Mais là-bas comme ici, il y a une ville plantée dans la mer, aux bords tranchés net ; un centre qu'un vide entoure et sépare de sa périphérie (sur les rivages opposés l'agglomération s'étend sans limites certaines) ; une île tout entière construite, minérale sans terre ni rochers, sans relief et sans plage, sans arbres (les jardins au ras de l'eau sont ravalés par la distance, les autres dissimulés par les murs).
-
Depression and sterility
Commencé Inner workings, recueil d'articles de JM Coetzee. Il s'agit de critique. Mais, par moments, j'ai l'impression que le jeu recommence et que, sous le déguisement des écrivains qu'il commente, le personnage qu'est l'auteur entre en scène comme il le fait dans ses romans, traçant de lui-même un autoportrait travesti, ironique ou cruel (peut-être un piège tendu au lecteur naïf).

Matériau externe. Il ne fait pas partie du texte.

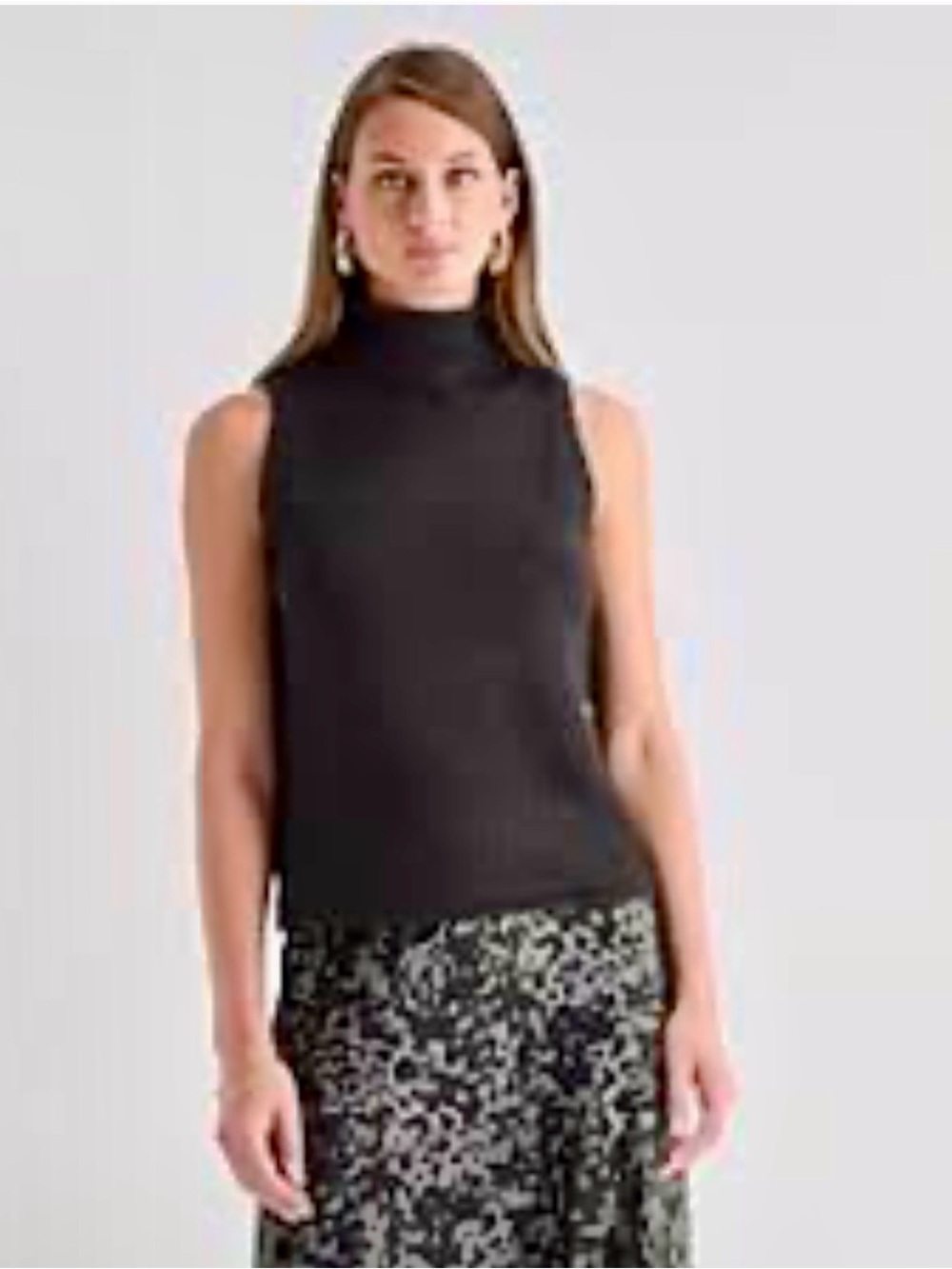 Worthington Sleeveless Mock Neck Tank Top - Black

(Par exemple, à propos de Schulz : (he) was incomparably gifted as an explorer of his own inner life, which is at the same time the recollected inner life of his childhood and his own creative workings. (...) But he was right in sensing that he would not be able to draw from this well. From somewhere he would have to renew the sources of his inspiration: the depression and sterility of the late 1930s may have stemmed precisely from a realisation that his capital was exhausted.)
-
Moisson
Bruegel a peint une série de tableaux (on en connaît aujourd'hui cinq) qui décrit le cycle des saisons : chacun représente un bout de campagne et un moment de l'année, avec ses travaux et ses loisirs, au sein d'un paysage grand ouvert. Trois sont à Vienne (au Musée d'art ancien, dans une salle fameuse), un autre est apparemment revenu, après en avoir été un temps éloigné, à Prague (où je l'ai manqué il y a quelques années), un autre (que je viens de revoir) ici.
C'est la moisson. Trois faucheurs sont à l'oeuvre ("qui font voir trois moments successifs de leur geste commun"). Ils s'attaquent à la moitié du champ encore sur pied. Le blé debout dessine un front continu et dense, troué seulement par un chemin comme une tranchée (et un pot mis à l'abri du soleil). Des paysannes s'éloignent par là ; leurs bustes émergent seuls. En avant, on rassemble les gerbes ; d'autres font tomber et ramassent des fruits ; mais le plus gros de la troupe se repose à l'ombre, mange, boit ou dort. D'autres détails attirent le regard et enrichissent l'image : les hommes et le monde qui les contient et dont ils vivent, d'accord. Un très beau mouvement de la perspective, comme une faux qui saisirait l'étendue, réunit les lointains pleins de lumière avec la petite bande, avant de se perdre dans la végétation légère et sombre qui précède le village.
-
Les montagnes de la lune
Il y a dans la Crucifixion de Van Eyck un merveilleux horizon de montagne. La couleur s'éclaircit selon l'éloignement des sommets et va se confondre avec le bleu du ciel (couleur de l'extrême lointain). Tout à droite, la lune est visible en plein jour, décroissante, à-demi transparente ; la neige couvre les hauteurs. Les pics enneigés et l'astre partagent le même éclat, la même matière traversée par l'azur, formant une autre conjonction entre le ciel et la terre.